WIP: Handle arbitrary combinations of optimizers/models/losses#232
Conversation
|
I tried this branch earlier today to include different loss scales for each loss in my progressive growing GAN, but I had issues getting it working correctly. What I ended up with was something similar to this: d_optimizer.zero_grad()

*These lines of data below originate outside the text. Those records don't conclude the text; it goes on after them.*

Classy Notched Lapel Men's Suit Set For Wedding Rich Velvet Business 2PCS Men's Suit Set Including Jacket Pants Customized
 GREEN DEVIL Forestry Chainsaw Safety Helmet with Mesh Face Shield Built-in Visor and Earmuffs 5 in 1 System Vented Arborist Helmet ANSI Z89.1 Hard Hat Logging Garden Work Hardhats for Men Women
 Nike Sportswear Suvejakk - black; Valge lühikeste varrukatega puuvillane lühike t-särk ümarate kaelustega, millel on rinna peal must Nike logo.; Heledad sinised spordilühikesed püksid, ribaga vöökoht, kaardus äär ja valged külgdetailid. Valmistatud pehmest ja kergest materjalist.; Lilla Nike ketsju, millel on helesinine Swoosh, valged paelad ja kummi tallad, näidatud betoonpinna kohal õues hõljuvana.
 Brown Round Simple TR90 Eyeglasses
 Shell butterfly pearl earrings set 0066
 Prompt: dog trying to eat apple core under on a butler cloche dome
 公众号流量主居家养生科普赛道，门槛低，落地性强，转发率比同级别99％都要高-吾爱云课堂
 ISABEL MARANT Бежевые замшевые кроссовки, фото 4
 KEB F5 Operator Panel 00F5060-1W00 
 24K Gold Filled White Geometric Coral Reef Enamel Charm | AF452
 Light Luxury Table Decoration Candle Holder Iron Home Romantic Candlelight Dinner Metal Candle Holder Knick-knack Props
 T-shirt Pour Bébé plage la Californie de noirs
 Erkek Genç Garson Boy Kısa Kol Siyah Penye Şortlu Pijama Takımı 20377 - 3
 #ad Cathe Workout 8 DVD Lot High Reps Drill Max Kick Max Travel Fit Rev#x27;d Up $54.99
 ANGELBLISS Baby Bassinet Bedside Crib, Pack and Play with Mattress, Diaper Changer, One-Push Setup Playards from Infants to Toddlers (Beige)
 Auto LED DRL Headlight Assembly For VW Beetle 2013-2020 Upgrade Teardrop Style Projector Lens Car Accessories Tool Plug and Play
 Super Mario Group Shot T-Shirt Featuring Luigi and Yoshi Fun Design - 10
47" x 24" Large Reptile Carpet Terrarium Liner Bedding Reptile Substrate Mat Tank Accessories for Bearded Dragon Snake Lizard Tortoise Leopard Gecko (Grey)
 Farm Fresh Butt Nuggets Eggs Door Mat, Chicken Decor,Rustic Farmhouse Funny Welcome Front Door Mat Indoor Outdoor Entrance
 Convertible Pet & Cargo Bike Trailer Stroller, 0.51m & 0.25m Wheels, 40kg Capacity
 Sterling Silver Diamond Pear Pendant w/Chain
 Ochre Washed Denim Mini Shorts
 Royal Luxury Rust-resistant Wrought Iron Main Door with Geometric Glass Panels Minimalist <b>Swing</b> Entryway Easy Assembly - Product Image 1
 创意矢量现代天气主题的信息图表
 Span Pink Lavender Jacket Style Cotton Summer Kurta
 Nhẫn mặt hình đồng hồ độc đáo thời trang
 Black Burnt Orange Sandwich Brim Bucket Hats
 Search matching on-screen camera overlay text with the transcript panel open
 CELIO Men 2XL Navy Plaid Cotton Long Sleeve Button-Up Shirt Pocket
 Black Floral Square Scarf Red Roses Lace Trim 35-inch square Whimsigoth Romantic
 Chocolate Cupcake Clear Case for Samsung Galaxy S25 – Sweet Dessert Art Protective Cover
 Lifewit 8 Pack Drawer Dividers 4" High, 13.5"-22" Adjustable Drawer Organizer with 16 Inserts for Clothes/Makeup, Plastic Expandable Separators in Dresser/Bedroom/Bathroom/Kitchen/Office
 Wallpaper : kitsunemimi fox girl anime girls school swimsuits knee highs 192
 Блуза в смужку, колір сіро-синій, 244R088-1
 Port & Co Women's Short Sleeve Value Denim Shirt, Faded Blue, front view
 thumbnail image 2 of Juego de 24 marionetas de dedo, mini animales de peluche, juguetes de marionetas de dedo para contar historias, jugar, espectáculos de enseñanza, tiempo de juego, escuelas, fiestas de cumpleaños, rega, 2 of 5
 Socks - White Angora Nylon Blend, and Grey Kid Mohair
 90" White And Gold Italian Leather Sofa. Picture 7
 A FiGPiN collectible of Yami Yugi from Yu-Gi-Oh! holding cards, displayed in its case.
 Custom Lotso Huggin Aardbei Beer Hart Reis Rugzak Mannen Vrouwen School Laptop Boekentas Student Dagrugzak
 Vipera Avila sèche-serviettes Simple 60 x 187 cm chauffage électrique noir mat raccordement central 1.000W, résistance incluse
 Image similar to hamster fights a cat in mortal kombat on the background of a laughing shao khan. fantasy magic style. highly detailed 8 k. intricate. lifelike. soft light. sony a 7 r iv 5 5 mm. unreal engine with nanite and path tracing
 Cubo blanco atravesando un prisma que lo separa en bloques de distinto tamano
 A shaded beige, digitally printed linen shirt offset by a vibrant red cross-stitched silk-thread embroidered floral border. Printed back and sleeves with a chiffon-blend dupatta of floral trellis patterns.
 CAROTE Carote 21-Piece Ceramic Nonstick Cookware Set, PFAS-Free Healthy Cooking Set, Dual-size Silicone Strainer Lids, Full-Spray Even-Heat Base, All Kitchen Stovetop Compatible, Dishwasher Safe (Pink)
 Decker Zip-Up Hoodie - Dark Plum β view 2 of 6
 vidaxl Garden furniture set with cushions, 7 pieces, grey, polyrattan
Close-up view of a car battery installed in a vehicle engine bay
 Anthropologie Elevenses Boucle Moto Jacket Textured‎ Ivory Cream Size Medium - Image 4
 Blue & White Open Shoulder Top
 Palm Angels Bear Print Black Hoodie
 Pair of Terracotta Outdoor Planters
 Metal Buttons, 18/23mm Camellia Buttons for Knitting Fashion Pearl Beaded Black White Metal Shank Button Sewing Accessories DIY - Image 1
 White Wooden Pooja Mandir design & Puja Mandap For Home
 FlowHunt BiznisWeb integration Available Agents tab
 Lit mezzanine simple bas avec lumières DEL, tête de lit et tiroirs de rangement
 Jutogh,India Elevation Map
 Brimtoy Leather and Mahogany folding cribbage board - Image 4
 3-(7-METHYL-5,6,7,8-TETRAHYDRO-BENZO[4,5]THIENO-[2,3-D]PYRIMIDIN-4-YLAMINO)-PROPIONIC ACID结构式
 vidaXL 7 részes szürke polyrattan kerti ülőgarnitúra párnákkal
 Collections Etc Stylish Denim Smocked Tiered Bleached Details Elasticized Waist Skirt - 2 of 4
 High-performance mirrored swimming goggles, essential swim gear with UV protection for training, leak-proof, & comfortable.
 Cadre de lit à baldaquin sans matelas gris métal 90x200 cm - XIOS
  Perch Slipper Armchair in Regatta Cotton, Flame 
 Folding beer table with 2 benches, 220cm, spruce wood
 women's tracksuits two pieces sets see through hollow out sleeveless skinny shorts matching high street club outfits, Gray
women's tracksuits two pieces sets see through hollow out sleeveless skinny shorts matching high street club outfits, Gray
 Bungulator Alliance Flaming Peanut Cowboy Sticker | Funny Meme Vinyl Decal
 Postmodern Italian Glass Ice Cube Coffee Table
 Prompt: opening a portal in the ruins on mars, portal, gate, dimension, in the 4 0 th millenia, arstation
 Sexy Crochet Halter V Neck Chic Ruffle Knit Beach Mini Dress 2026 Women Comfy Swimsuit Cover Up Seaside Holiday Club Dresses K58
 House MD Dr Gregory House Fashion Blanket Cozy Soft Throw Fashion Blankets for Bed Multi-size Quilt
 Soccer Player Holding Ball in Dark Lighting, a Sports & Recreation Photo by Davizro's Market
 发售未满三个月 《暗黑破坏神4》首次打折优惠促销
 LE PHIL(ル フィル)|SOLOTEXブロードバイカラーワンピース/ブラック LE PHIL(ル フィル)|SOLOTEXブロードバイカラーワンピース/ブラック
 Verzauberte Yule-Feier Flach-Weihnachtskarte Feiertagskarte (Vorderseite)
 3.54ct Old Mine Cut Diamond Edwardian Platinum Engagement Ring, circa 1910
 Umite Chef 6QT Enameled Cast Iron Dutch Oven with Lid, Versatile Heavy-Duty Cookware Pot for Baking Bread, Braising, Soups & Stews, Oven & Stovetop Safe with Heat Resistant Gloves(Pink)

with amp.scale_loss(wasserstein_distance, self.d_optimizer, loss_id=0) as scaled_loss:
scaled_loss.backward(retain_graph=True)
with amp.scale_loss(epsilon_penalty, self.d_optimizer, loss_id=1) as scaled_loss:
scaled_loss.backward(retain_graph=True)
with amp.scale_loss(gradient_penalty, self.d_optimizer, loss_id=2) as scaled_loss:
scaled_loss.backward()
d_optimzier.step()This seems to be working with a single GPU, but when I use apex DistributedDataParallel (2 GPU's) it is very unstable, and I have no idea why :/ I also took a look at the advanced AMP usage for multiple backward passes for a single optimizer, where it says that you should use |
|
Bold of you to test it already...That usage looks correct. I'm glad to hear it's working on single-GPU and that the new syntax enables your use case. I'm still trying it with multi-GPU. I haven't updated documentation for the new branch, but guidance will be that using |
|
@hukkelas I notice you're using gradient penalty. I don't think Apex DDP supports gradient penalty properly, so your instability may not be the fault of the new branch. I still haven't finished testing the new branch with distributed, but it seems to work ok so far. Can you try with |
|
Hmm, didn't know that, thanks! I was using Apex DDP, switched to I just recently started using multi-gpu training for my GAN. I think most of my previous instability, with a single GPU, has come from the gradient penalty calculation. I made a hacky solution to introduce independent loss scaling for it previously, but this branch would remove a lot of ugly code :) |
|
Glad it appears to be working now. My local distributed tests/tests on local models have also succeeded so far so I'll probably merge this branch today. When you say you are scaling the gradient penalty calculation, is this the line you are referring to: ? Scaling the loss for this call^ is fine. Or are you referring to an earlier call to |
|
Before this branch, I independently scaled my gradient penalty like this: logits = discriminator(x_hat, condition, landmarks)
logits = logits.sum() * loss_scaler.loss_scale()
grad = torch.autograd.grad(
outputs=logits,
inputs=x_hat,
grad_outputs=torch.ones(logits.shape).to(fake_data.dtype).to(fake_data.device),
create_graph=True
)[0]
grad = grad.view(x_hat.shape[0], -1)
if check_overflow(grad):
print("Overflow in gradient penalty calculation.")
loss_scaler._loss_scale /= 2
print("Scaling down loss to:", loss_scaler._loss_scale)
return None
grad = grad / loss_scaler.loss_scale()
grad_penalty = ((grad.norm(p=2, dim=1) - 1)**2)
From my understanding, since AMP has no visibility of the |
| else: | ||
| optimizers[i] = _process_optimizer(optimizer, properties) | ||
|
|
||
| _amp_state.loss_scalers = [] |
There was a problem hiding this comment.
Should there be a assert / check that _amp_state.loss_scalers is None? If you call amp_initialize a second time, even without providing any optimizer, it will overwrite the _amp_state.loss_scalers, and you get indexing error for the backward pass when providing a loss_id.
Found a work around for it in my code, but its still confusing to find the error for this.
There was a problem hiding this comment.
My intention was that amp.initialize should be called only once. Why do you need to call it multiple times? Is it because you are progressively adding new layers to your GAN? It might be better to start with one big module and progressively unfreeze layers, rather than adding new modules and calling amp.initialize many times. I'm very interested to hear why calling amp.initialize many times is essential for your use case.
Also, the scaling of the out-of-place backward to create the grads for the gradient penalty is always going to be tricky...can you start an issue where we can track that and figure out best practices?
Author: mcarilli <[email protected]> WIP: Handle arbitrary combinations of optimizers/models/losses (#232)
Handle arbitrary combinations of optimizers/models/losses. Do not maintain a loss scale per optimizer. Instead, maintain either a single global loss scale (by default), or a loss scale per-loss (if the user supplies the
num_lossargument to amp.initialize and theloss_idargument to each invokation of amp.scale_loss).Current status: L0 tests have been added and are passing (maybe need more). L1 single-GPU tests pass. Verified that it fixes Szymon's issue with master params getting out of sync across processes for JoC GNMT. L1 multi-GPU tests underway.